Brief descriptive captions:
<<<<

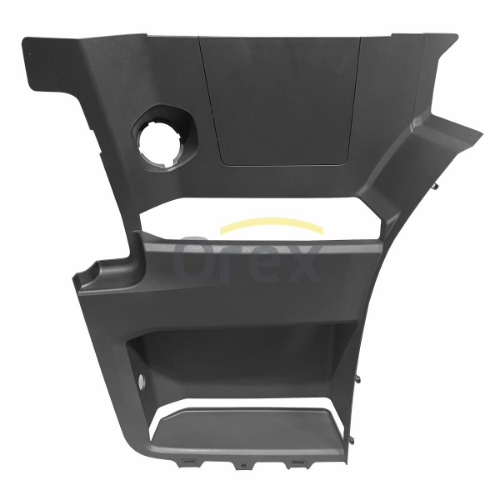Basamak Yuvası Sol Scania Cr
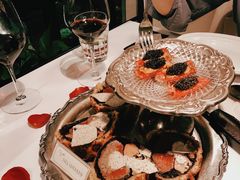 惠灵顿牛排-壳里西餐厅Coquille Seafood Bistro(蒙自路店)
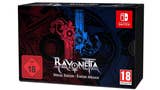 Jelly Deals: Bayonetta 2 Special Edition up for pre-order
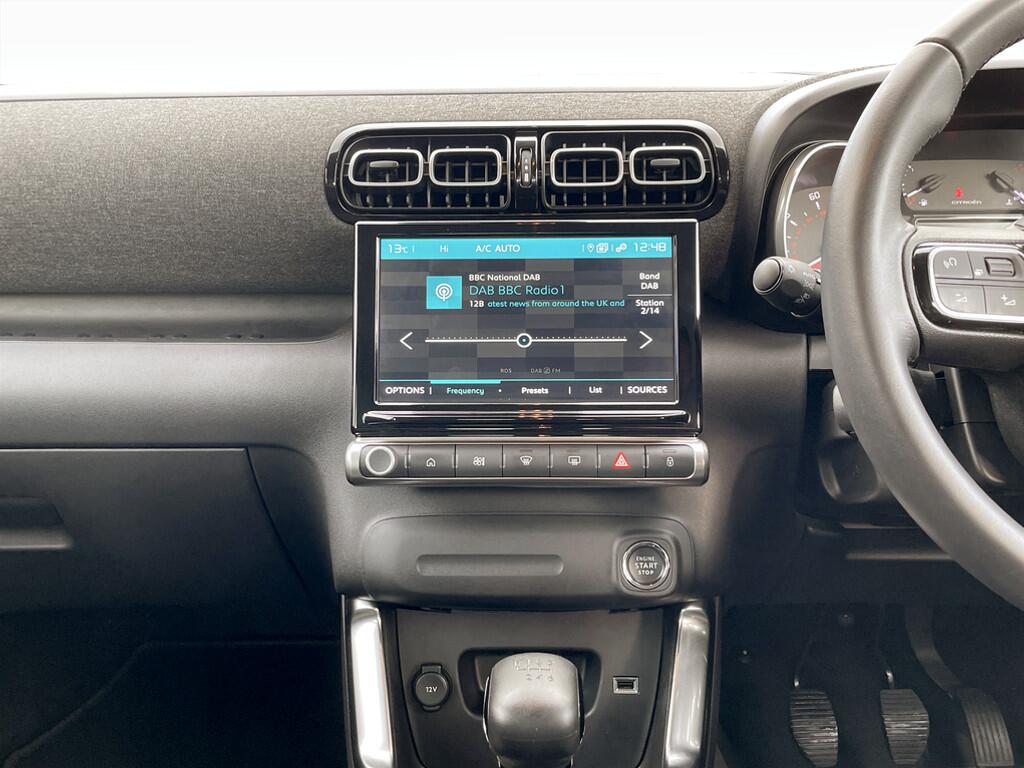 Used Citroen C3 Aircross 2024 for sale - 76485617: Photo 13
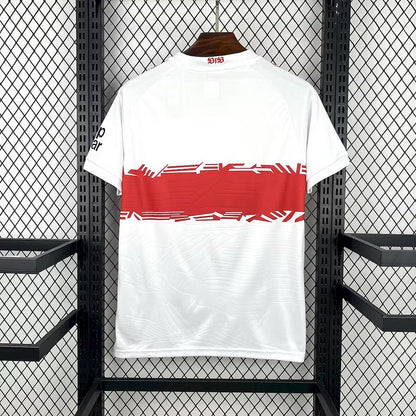 Stuttgart maillot 2026 2027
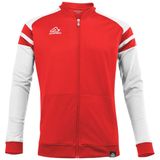 Acerbis - Kemari - Jasje - Elastische Geribde Stof - Met Rits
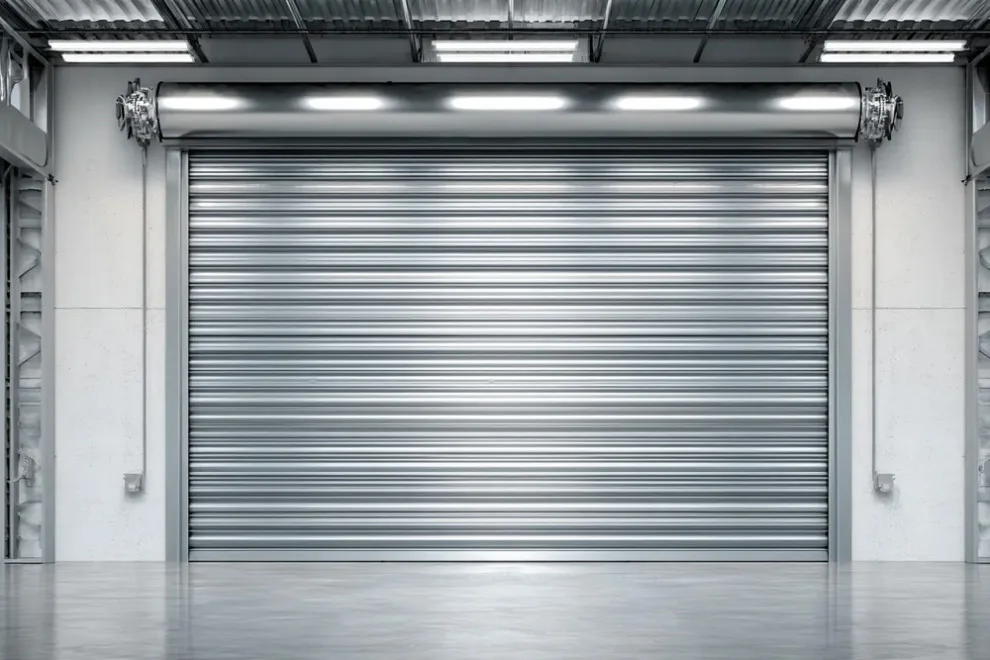 RSA Garage Doors - Photo 3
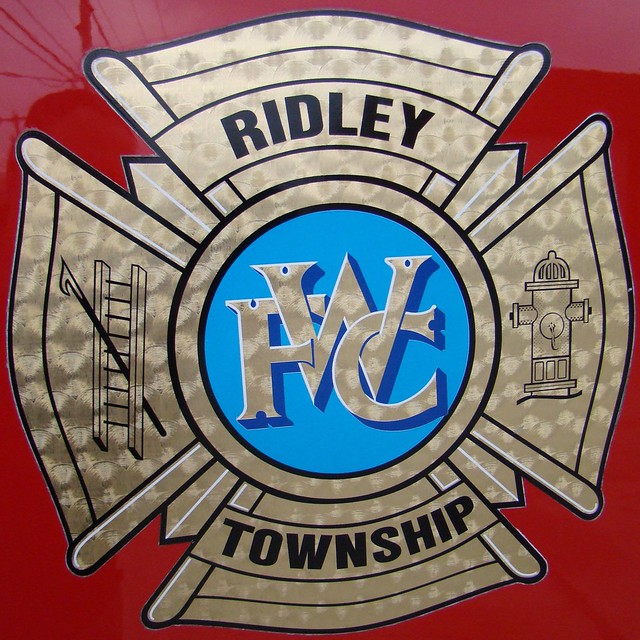 Woodlyn, PA Fire Department (Station 67), Ridley Township PA Flickr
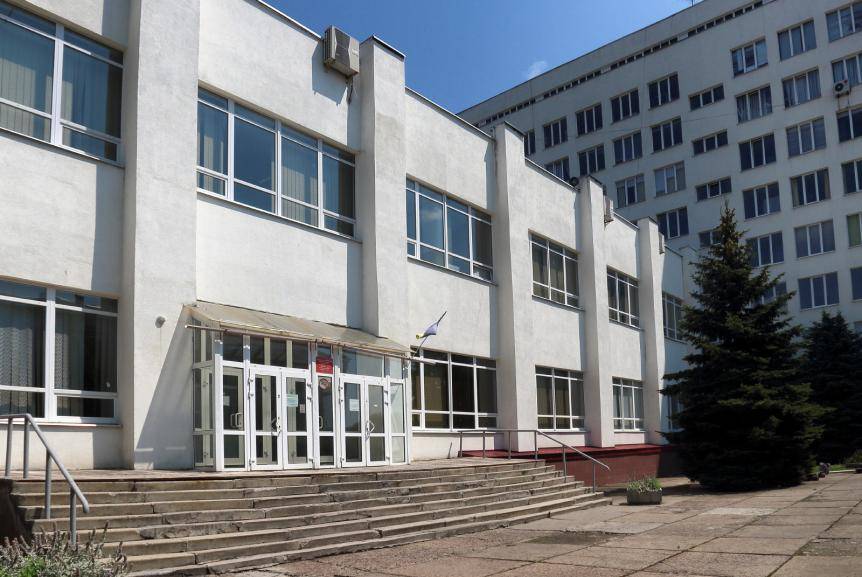 Університетом оголошено закупівлю на поточний ремонт приміщень медичного факультету
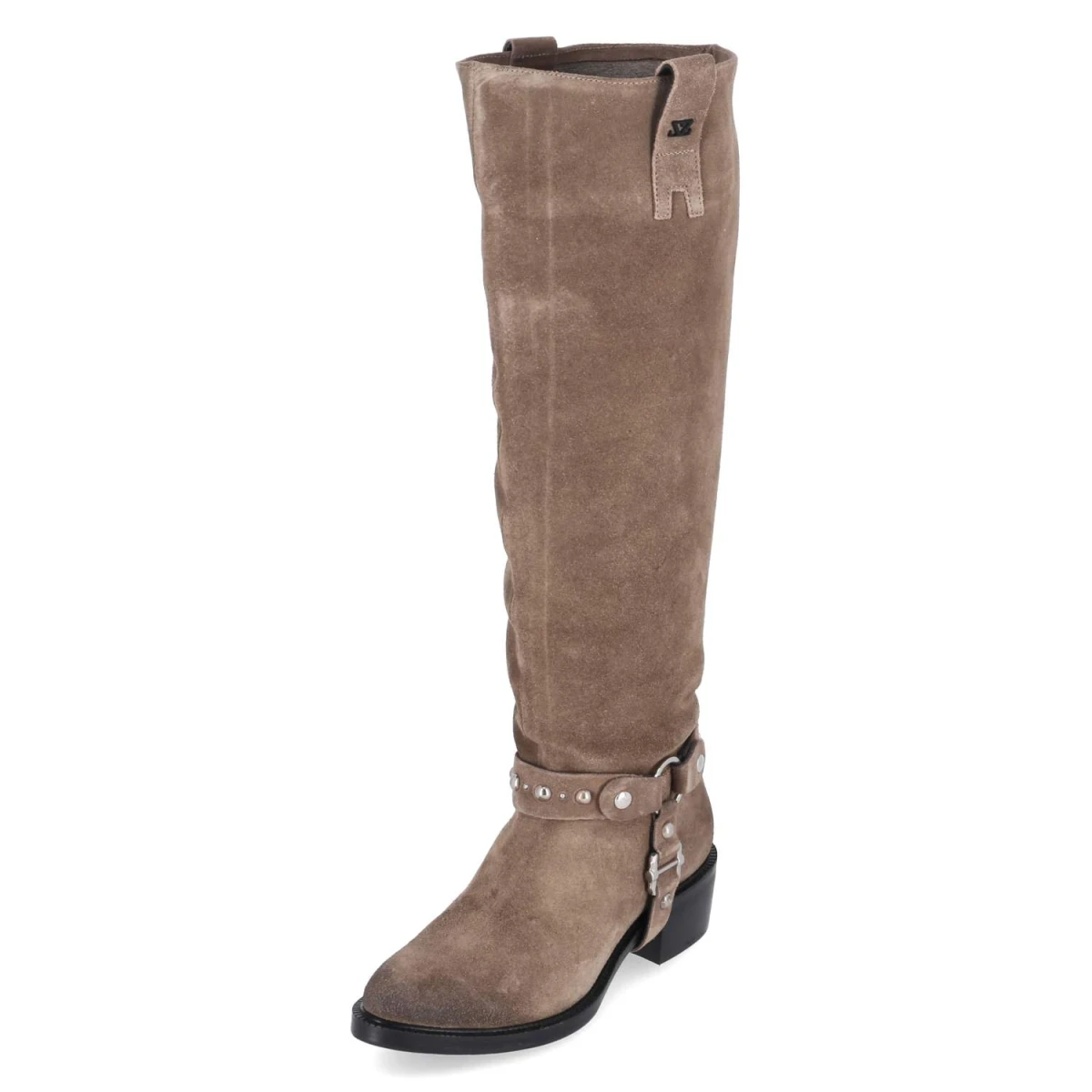 Westernstiefel FAY - taupe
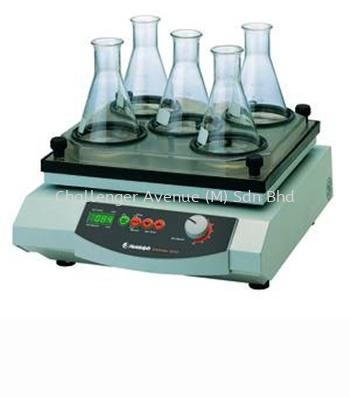 Orbital Shaker [Heidolph] Scientific & Laboratory Equipment  Equipments & Tools Selangor, Malaysia, Kuala Lumpur (KL), Subang Jaya Supplier, Suppliers, Supply, Supplies | Challenger Avenue (M) Sdn Bhd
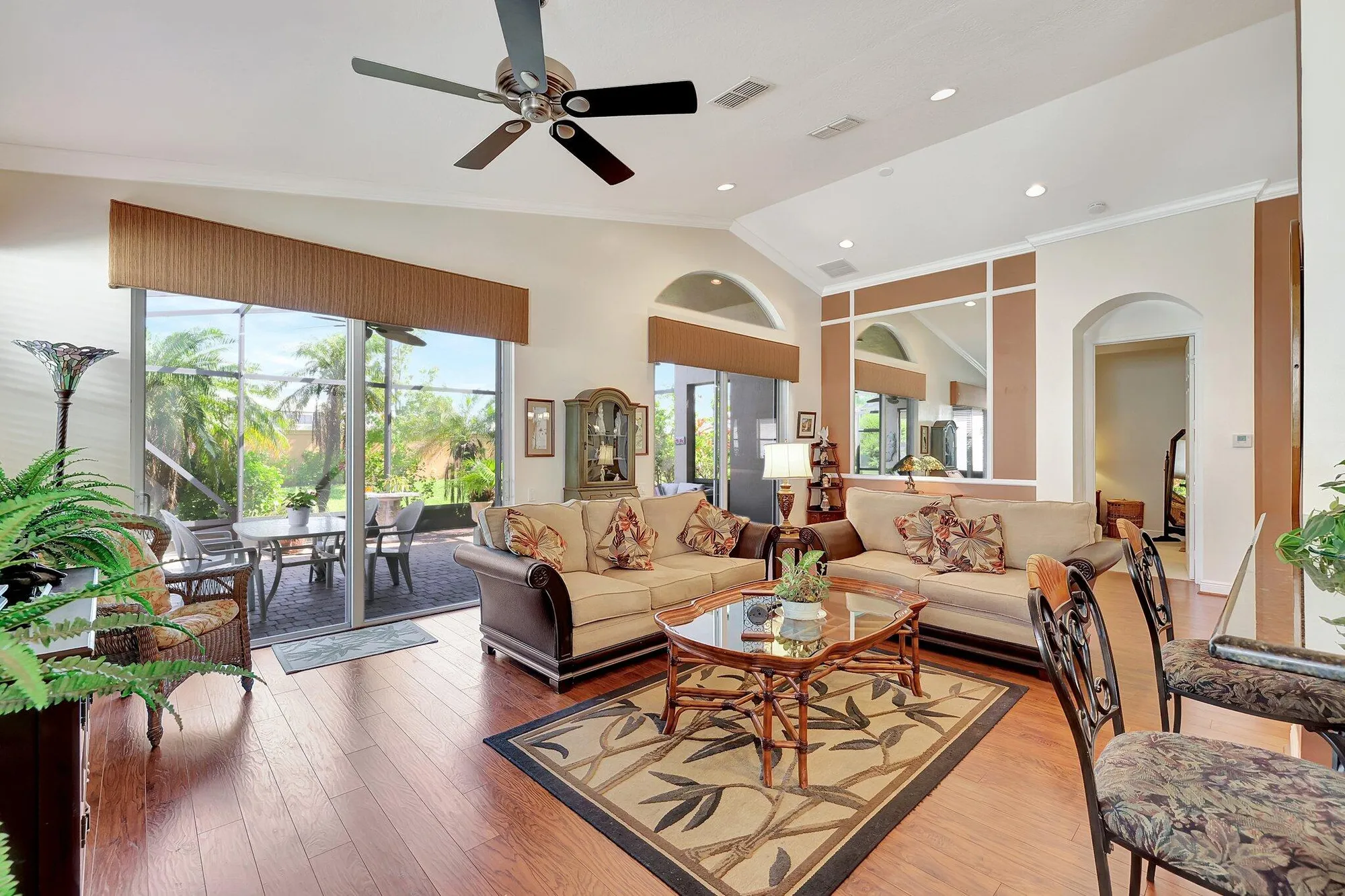 Property Slideshow image 4 of 53 | 11484 sw mountain ash cir, Port Saint Lucie, FL, 34987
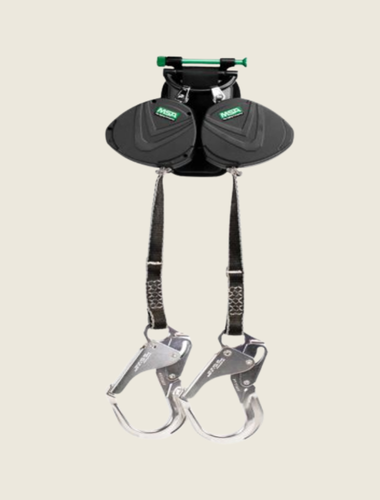 125 V-EDGE™ Leading Edge Personal Fall Limiter - Web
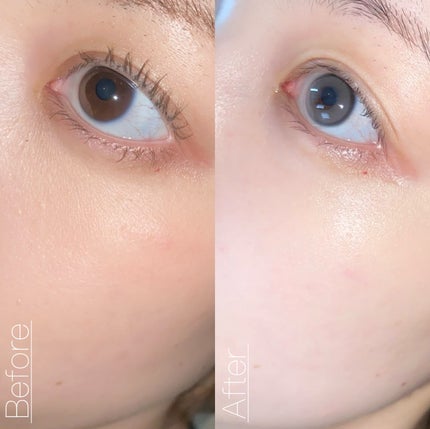 しっとりクレンジング洗顔 NC/なめらか本舗/洗顔フォームを使ったクチコミ(7枚目)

>>>>

Do not include pictures. Copy only the lines running from the line with "Orbital Shaker [Heidolph]" through the last line of the records, exactly as they appear.

**EXPECTED OUTPUT:**
 Orbital Shaker [Heidolph] Scientific & Laboratory Equipment  Equipments & Tools Selangor, Malaysia, Kuala Lumpur (KL), Subang Jaya Supplier, Suppliers, Supply, Supplies | Challenger Avenue (M) Sdn Bhd
 Property Slideshow image 4 of 53 | 11484 sw mountain ash cir, Port Saint Lucie, FL, 34987
 125 V-EDGE™ Leading Edge Personal Fall Limiter - Web
 しっとりクレンジング洗顔 NC/なめらか本舗/洗顔フォームを使ったクチコミ(7枚目)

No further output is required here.